* [DATASET]:
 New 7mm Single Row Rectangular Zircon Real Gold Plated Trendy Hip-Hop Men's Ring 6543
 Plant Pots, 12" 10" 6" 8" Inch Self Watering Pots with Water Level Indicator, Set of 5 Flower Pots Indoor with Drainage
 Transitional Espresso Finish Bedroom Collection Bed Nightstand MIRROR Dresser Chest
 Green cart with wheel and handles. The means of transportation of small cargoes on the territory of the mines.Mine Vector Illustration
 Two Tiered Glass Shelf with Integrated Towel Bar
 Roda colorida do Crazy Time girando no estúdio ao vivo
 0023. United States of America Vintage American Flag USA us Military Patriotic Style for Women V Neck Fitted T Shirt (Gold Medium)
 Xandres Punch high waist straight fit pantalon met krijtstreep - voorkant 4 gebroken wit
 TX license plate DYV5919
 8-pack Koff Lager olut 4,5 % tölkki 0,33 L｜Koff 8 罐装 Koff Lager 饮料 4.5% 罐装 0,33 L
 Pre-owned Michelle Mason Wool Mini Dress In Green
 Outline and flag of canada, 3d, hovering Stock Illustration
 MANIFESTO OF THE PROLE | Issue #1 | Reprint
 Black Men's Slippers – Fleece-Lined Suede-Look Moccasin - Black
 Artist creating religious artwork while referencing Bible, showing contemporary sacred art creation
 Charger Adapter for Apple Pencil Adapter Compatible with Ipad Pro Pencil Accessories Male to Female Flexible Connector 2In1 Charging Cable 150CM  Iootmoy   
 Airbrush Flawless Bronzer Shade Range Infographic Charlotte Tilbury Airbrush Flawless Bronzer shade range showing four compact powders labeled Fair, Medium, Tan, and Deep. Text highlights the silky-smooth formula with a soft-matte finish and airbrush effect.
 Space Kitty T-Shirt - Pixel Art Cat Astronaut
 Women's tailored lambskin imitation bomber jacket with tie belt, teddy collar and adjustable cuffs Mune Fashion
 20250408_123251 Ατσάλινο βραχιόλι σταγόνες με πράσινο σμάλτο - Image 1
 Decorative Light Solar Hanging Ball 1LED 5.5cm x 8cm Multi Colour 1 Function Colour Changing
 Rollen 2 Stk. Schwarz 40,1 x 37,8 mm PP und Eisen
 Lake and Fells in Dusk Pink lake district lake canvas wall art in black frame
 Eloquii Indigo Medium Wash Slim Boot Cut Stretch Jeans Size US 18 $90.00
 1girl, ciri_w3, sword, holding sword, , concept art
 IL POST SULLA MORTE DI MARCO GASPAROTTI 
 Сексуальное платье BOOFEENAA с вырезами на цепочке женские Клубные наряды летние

* [YOUR OBJECTIVE]:
Once you find the line containing "Transitional Espresso Finish", stop: reproduce exactly that line and every line of the data before it, and nothing else.

* [EXERCISE RESULT]:
 New 7mm Single Row Rectangular Zircon Real Gold Plated Trendy Hip-Hop Men's Ring 6543
 Plant Pots, 12" 10" 6" 8" Inch Self Watering Pots with Water Level Indicator, Set of 5 Flower Pots Indoor with Drainage
 Transitional Espresso Finish Bedroom Collection Bed Nightstand MIRROR Dresser Chest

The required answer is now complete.